Hello,
I installed CUDA 4.0 without problems in Debian 6.0 using “cudatoolkit_4.0.13_linux_32_ubuntu10.10.run” and “devdriver_4.0_linux_32_270.40.run”. I can compile all examples in “gpucomputingsdk_4.0.13_linux.run” and they run correctly.

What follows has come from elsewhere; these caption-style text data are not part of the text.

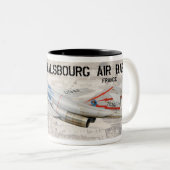 Phalsbourg Flughafen (Frankreich) Zweifarbige Tasse (VorderseiteRechts)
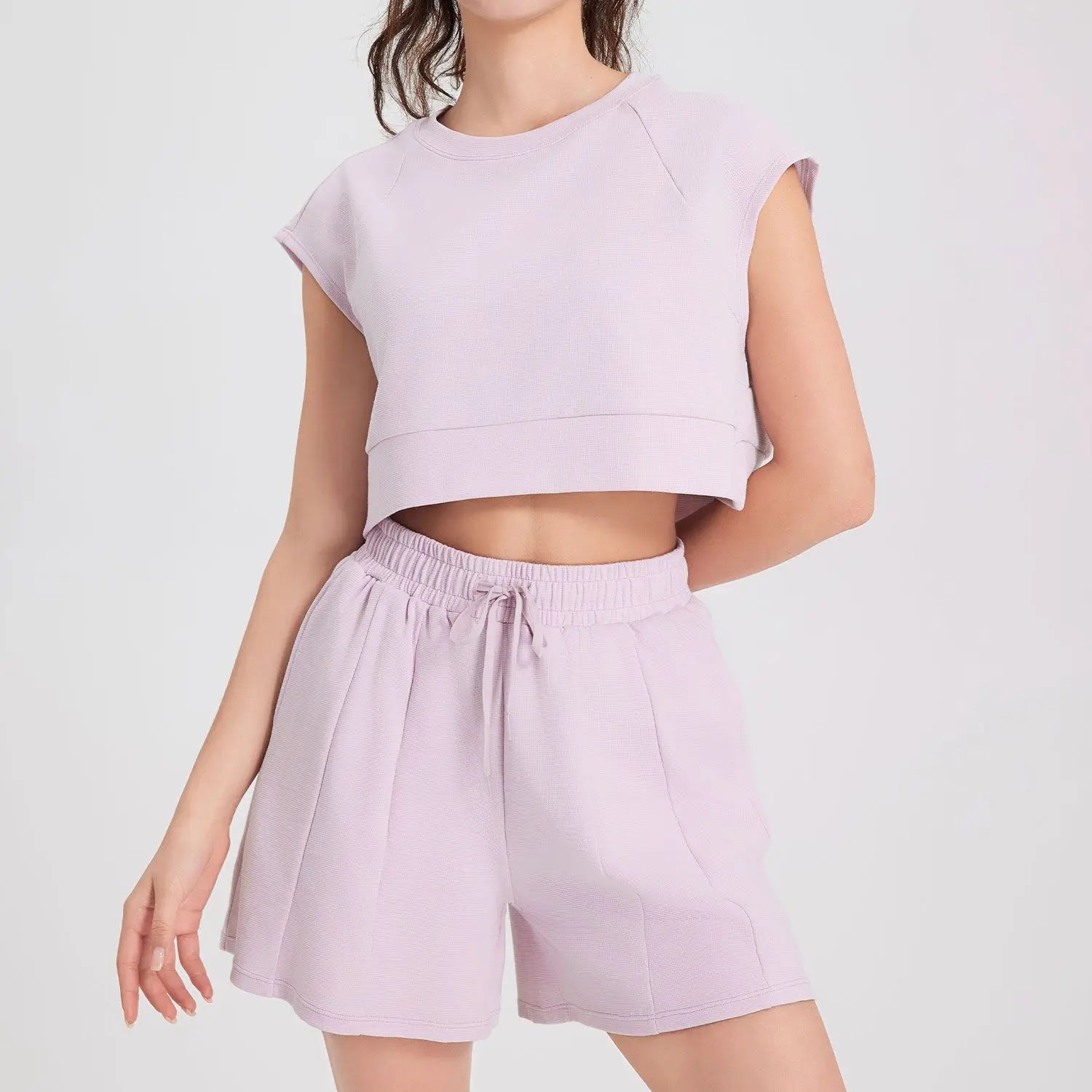 Conjunto Fitness Feminino 2 Peças Fit Diamond – Summer Shorts + Cropped Slim Fit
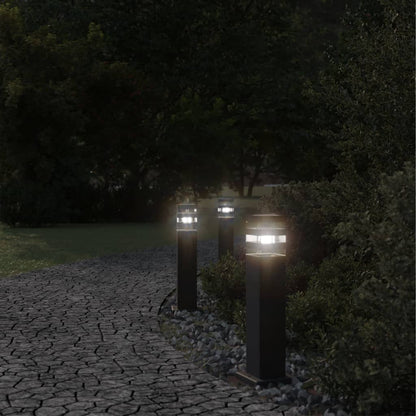 Buitenvloerlampen Aluminium Zwart 1
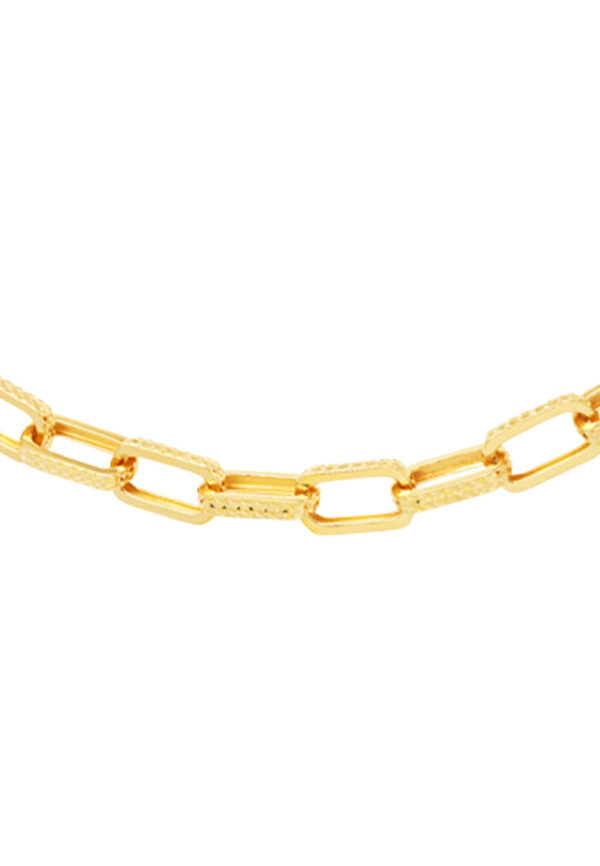 TOMEI Sparkling Linked Bracelet, Yellow Gold 916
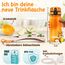 Funkelfuchs® - Trinkflasche für Kinder – 350ml, Orange – Kohlensäure geeignet - 100% auslaufsicher - Wasserflasche spülmaschinenfest - für Kindergarten, Einschulung, Schule, Sport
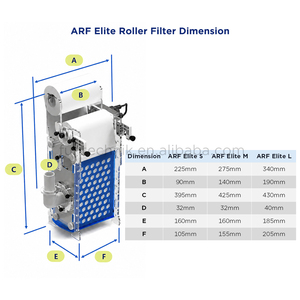 <span class=keywords><strong>Bubble</strong></span> Magus Elite ARF-S/M/L Filtro Automatico a Rullo per Acquario, Sistema di Filtrazione Auto per Vasche dei Pesci - Product Image 5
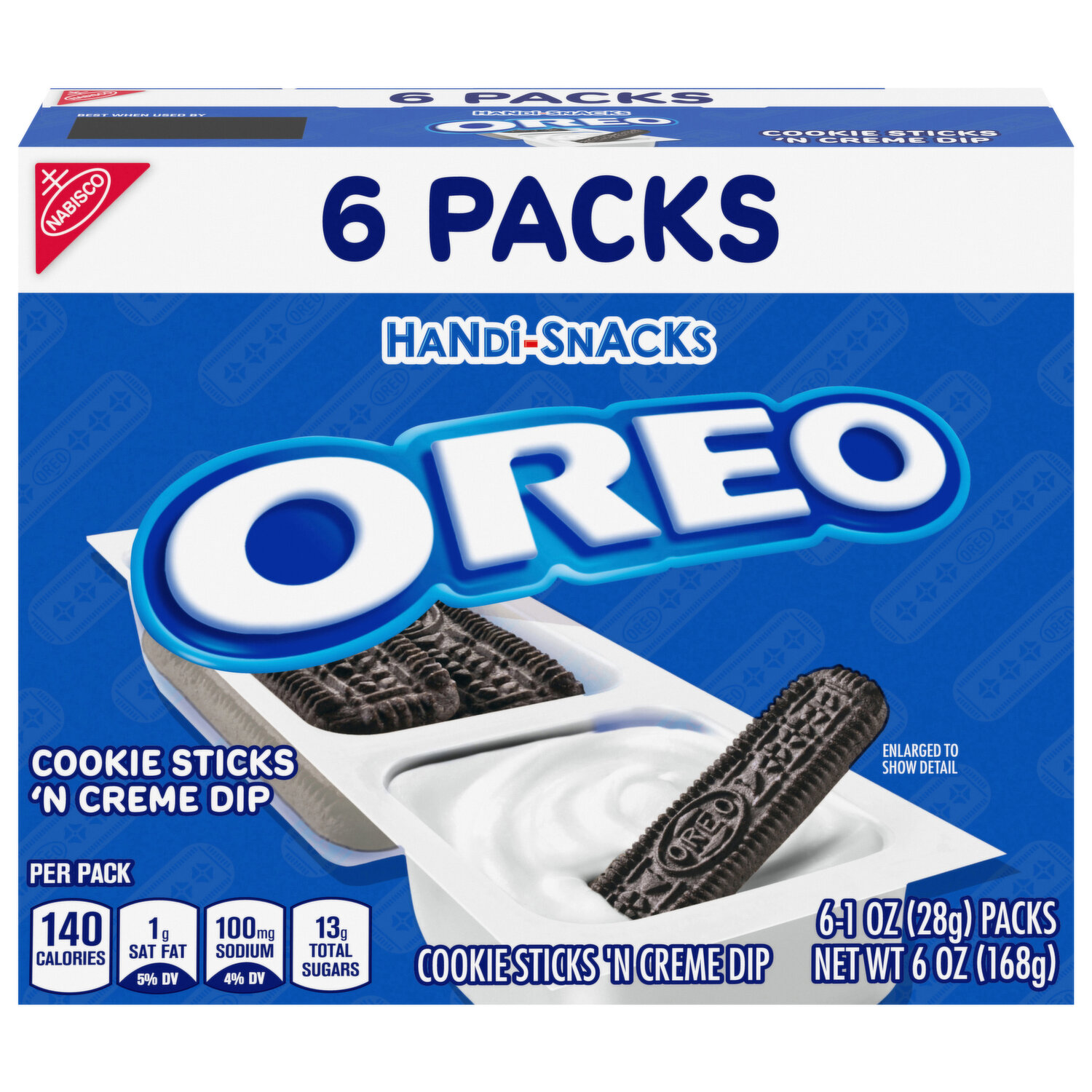  COOKIE DIP AND OREO COOKIES. Three Packages Of Six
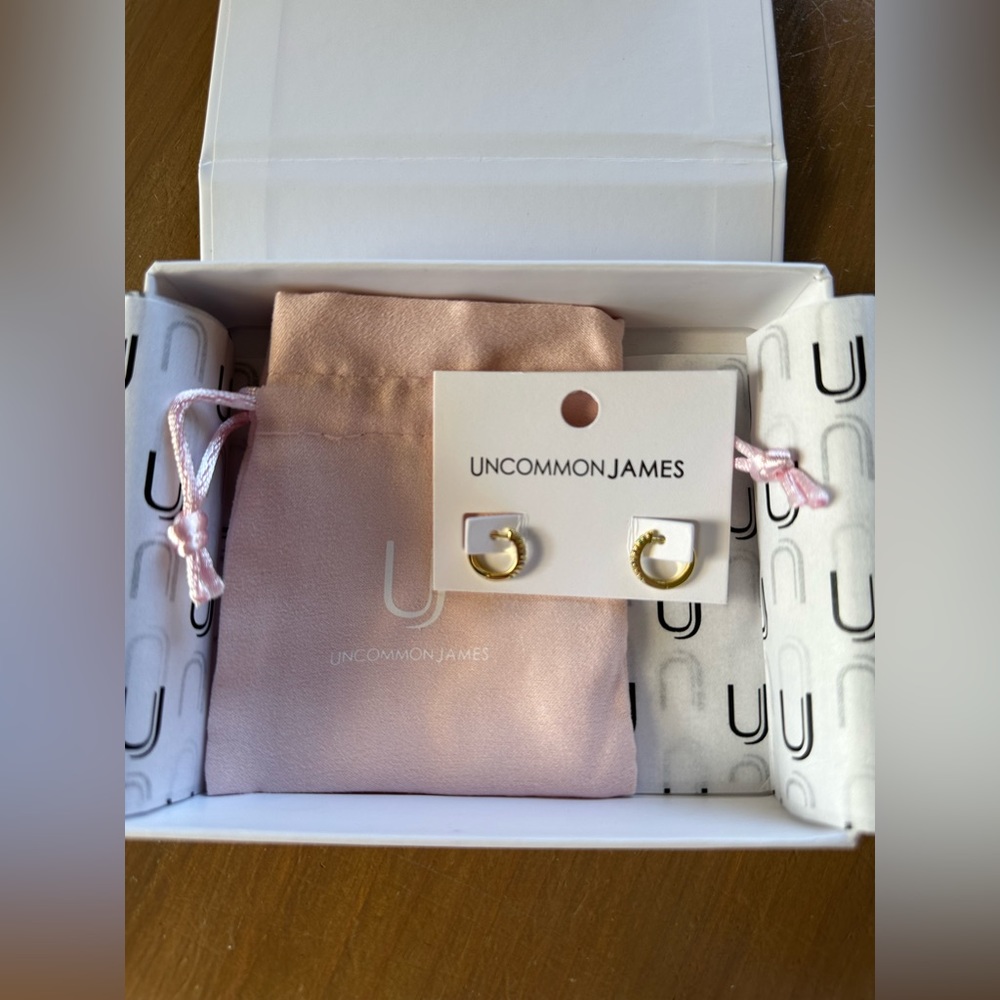 NWT Uncommon James Huggie Hoops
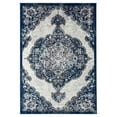 thumbnail image 3 of Alexandria Navy-Ivory Power-Loomed Runner Rug 2'x6', 3 of 5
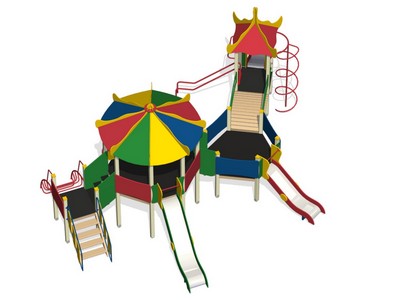 Игровой комплекс Маленький самурай 2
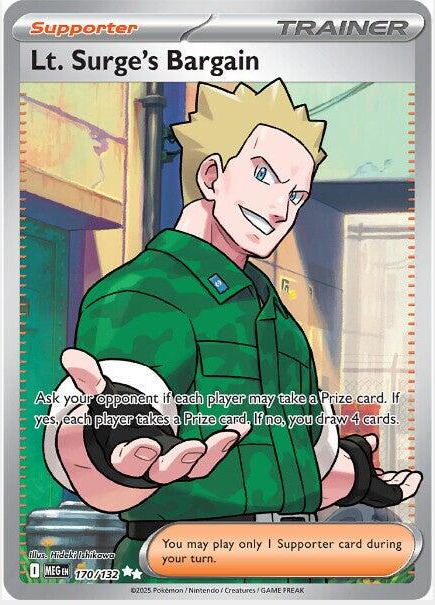 Lt. Surge`s Bargain #170-Mega evolution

However, when I compile one program that I wrote to simulate propagation in the Cubic-Quintic Complex Ginzburg-Landau Equation, program compiled with CUDA 4.0 is slower than the same code compiled using CUDA 3.1 (80 s from CUDA 4.0 against 50 s from CUDA 3.1).
The Makefile content is:
Add source files here
EXECUTABLE := cgle2dcuda_sm20
Cuda source files (compiled with cudacc)
CUFILES_sm_20 := cgle2dcuda_sm20.cu
Additional compiler flags and LIBs to include
USECUFFT := 1
################################################################################
Rules and targets
include …/…/common/common.mk
I used cufftExecZ2Z functions to pass from time space to Fourier space, both forward and backward, and two kernels to make propagation calculations. An example of the code we used is:
cufftExecZ2Z(plan, (cufftDoubleComplex*)d_datau, (cufftDoubleComplex*)d_datau, CUFFT_FORWARD);
cufftExecZ2Z(plan, (cufftDoubleComplex*)d_datav, (cufftDoubleComplex*)d_datav, CUFFT_FORWARD);
propagateData<<<NBLOCK,NHILOS>>>(d_datau,d_datav, N_SIZE, d_D11u,d_D11v,h_c[3]);
cufftExecZ2Z(plan, (cufftDoubleComplex*)d_datau, (cufftDoubleComplex*)d_datau, CUFFT_INVERSE);
cufftExecZ2Z(plan, (cufftDoubleComplex*)d_datav, (cufftDoubleComplex*)d_datav, CUFFT_INVERSE);
and propagateData function is:
static __global__ void propagateData(cufftDoubleComplex* a, cufftDoubleComplex* b, int size, cuDoubleComplex* D11a, cuDoubleComplex* D11b, double d_c)
{
double norm=1./(double)size;
double paso=0.0001;
const int numThreads = blockDim.x * gridDim.x;
const int threadID = blockIdx.x * blockDim.x + threadIdx.x;
for (int i = threadID; i < size; i += numThreads){
a[i]=propagateLineal(a[i],D11a[i],paso, d_c, norm);
b[i]=propagateLineal(b[i],D11b[i],paso, d_c, norm);
}
}
Anybody knows why CUDA 4.0 compiled code run slower than CUDA 3.1 compiled code or what am I doing wrong? I used a GeForce GTX470 card.
Thanks.